DATA: Begin
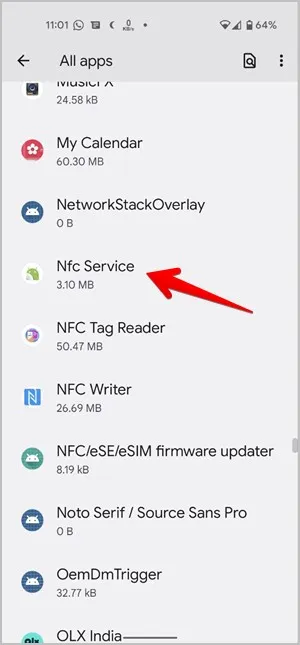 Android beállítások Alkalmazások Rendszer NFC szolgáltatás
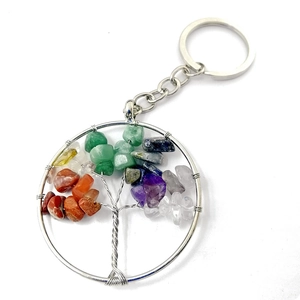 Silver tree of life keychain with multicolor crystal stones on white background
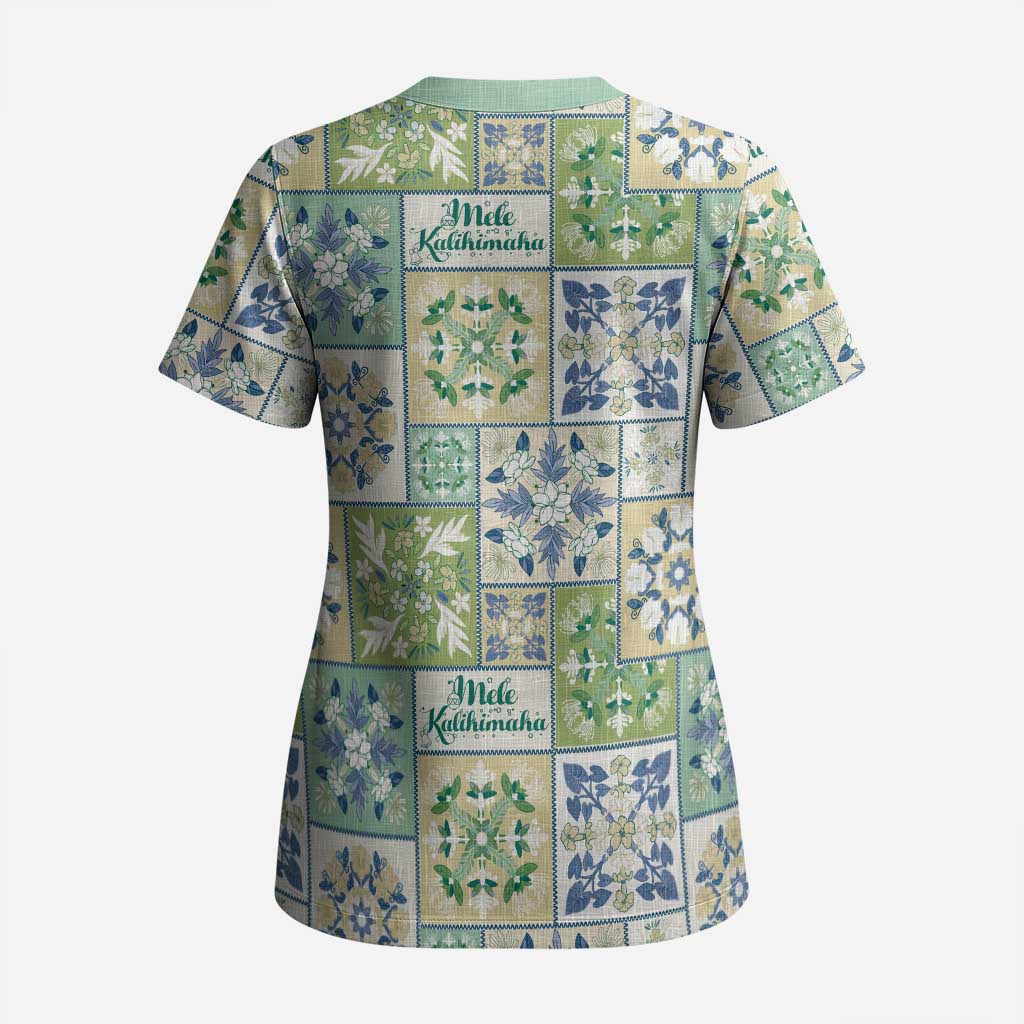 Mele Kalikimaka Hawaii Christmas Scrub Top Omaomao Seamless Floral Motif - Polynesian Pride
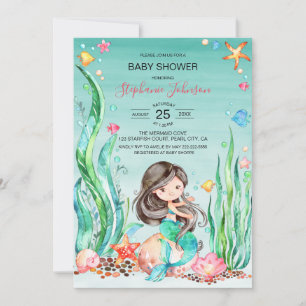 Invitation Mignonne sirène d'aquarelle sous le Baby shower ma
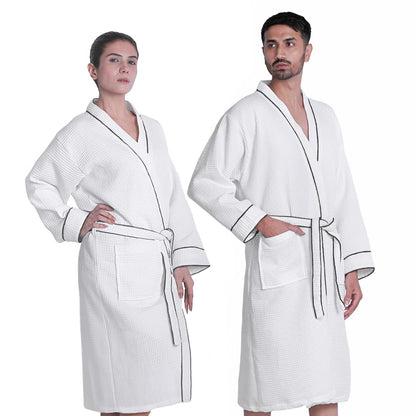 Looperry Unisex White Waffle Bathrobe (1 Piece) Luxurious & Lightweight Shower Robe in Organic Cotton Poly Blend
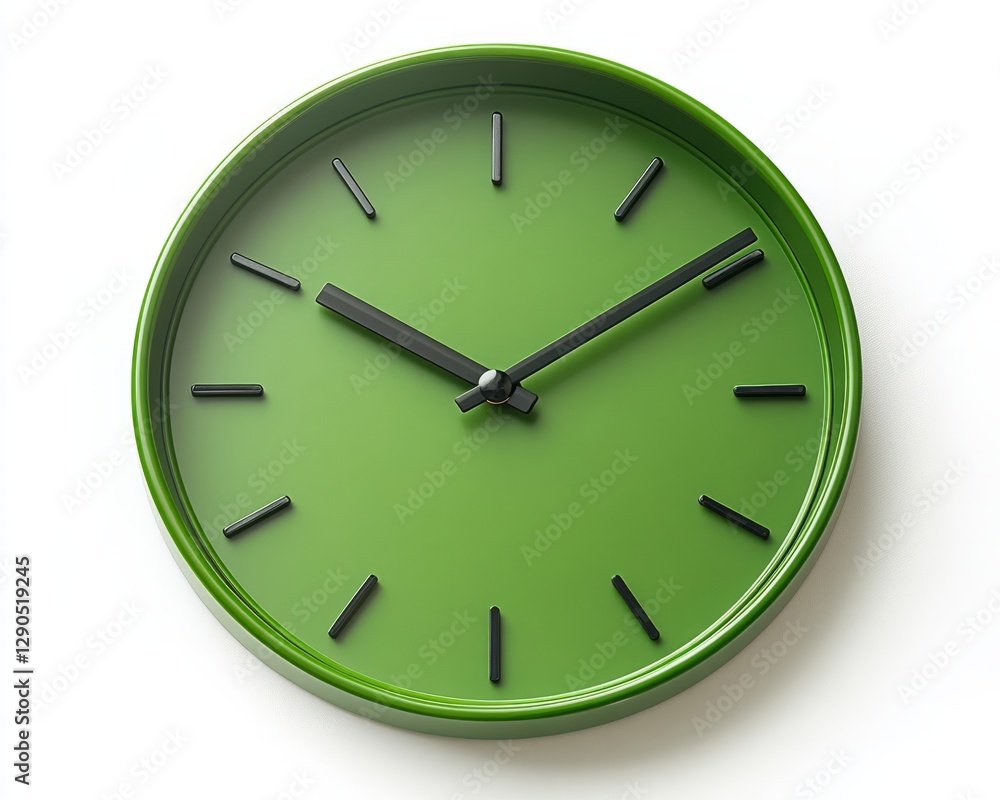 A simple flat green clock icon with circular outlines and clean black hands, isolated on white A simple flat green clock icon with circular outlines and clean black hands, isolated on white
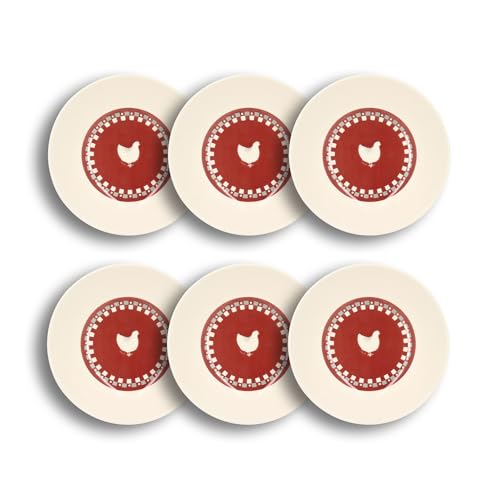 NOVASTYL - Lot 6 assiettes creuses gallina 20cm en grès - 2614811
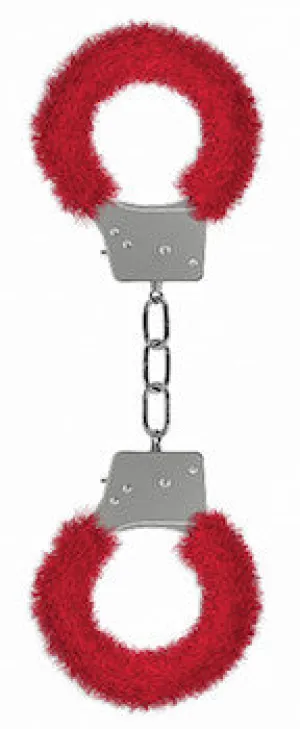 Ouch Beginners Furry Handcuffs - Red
DATA: End
▸ **WHAT TO PRODUCE**: I would like an exact copy of the lines from the one holding "Mele Kalikimaka Hawaii" through the last line of the entries above, with the pictures left out.

▸ **OUTPUT OF THE TASK**:
 Mele Kalikimaka Hawaii Christmas Scrub Top Omaomao Seamless Floral Motif - Polynesian Pride
 Invitation Mignonne sirène d'aquarelle sous le Baby shower ma
 Looperry Unisex White Waffle Bathrobe (1 Piece) Luxurious & Lightweight Shower Robe in Organic Cotton Poly Blend
 A simple flat green clock icon with circular outlines and clean black hands, isolated on white A simple flat green clock icon with circular outlines and clean black hands, isolated on white
 NOVASTYL - Lot 6 assiettes creuses gallina 20cm en grès - 2614811
 Ouch Beginners Furry Handcuffs - Red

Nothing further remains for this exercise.